The mesoscopic tunnelling of magnetization: A historic milestone in twentieth-century science

This is the first time that a Spanish physicist has received credit in this country as the discoverer of a new physical phenomenon: the mesoscopic tunnelling of magnetization in molecular magnets (Physical Review Letters, 1996). This scientific breakthrough has now made its way into textbooks on magnetism.

It explains how the magnetic poles of small magnets, formed by millions of atoms, at very low temperatures, can change orientation due to the tunnel effect and without any energy expenditure. Now, the journal Nature has recognized this discovery as a historic milestone in the science of spin (the property of elementary particles to rotate around their axis in relation to their magnetic field).

Milestones in Spin also records the contributions of great figures in the world of physics, such as Nobel Prize winners Albert Einstein (1921); Paul A. M. Dirac (1933); Otto Stern (1943); Felix Bloch and E. M. Purcell (1952), Douglas Osheroff, Robert Richardson and David Lee (1996); Frank Wilczek, David Gross and David Politzer (2004), and Albert Fert and Peter Grünberg (2007).

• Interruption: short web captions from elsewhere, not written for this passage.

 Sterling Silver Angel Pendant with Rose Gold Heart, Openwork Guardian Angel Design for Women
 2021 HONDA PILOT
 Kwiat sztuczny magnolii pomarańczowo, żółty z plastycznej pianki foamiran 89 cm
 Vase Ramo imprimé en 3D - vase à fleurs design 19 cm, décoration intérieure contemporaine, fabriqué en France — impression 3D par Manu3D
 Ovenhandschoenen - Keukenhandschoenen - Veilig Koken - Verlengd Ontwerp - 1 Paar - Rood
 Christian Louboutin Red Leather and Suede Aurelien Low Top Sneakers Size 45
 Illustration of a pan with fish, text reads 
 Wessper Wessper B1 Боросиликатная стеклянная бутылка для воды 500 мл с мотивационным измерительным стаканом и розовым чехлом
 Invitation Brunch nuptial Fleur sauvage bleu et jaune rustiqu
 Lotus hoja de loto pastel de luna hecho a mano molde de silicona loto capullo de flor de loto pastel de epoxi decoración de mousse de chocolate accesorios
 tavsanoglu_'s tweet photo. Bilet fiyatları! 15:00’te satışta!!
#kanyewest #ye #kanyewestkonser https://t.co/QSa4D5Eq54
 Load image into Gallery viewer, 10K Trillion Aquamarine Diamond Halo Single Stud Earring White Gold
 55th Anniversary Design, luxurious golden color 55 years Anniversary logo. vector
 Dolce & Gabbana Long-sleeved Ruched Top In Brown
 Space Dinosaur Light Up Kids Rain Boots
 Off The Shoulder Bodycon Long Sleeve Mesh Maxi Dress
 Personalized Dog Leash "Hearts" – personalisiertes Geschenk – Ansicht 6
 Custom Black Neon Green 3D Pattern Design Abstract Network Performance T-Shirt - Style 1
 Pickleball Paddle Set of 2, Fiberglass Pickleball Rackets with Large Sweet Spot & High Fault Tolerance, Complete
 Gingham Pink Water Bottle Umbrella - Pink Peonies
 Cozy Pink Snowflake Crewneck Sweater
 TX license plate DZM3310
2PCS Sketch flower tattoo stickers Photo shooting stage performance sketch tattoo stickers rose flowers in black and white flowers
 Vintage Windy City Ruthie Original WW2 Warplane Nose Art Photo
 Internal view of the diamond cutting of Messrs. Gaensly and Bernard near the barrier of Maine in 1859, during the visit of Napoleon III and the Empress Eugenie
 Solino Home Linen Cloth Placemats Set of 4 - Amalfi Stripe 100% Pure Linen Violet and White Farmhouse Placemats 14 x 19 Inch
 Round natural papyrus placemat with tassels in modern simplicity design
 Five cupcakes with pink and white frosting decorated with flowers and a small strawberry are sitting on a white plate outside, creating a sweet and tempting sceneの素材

The uncertainty principle governs the world of quantum physics: it is impossible to know the position and the momentum of an object at the same time. This is a property of quantum objects and does not depend on the ability to make an exact measurement. This uncertainty, at macroscopic scale, cannot be detected experimentally, and this has generated intense scientific debate in the frontiers of quantum physics and in the mesoscopic world. For the researchers, the tunnel effect is an unexpected consequence of quantum mechanics, and the magnets of mesoscopic size are the best systems for detecting quantum tunnelling phenomena.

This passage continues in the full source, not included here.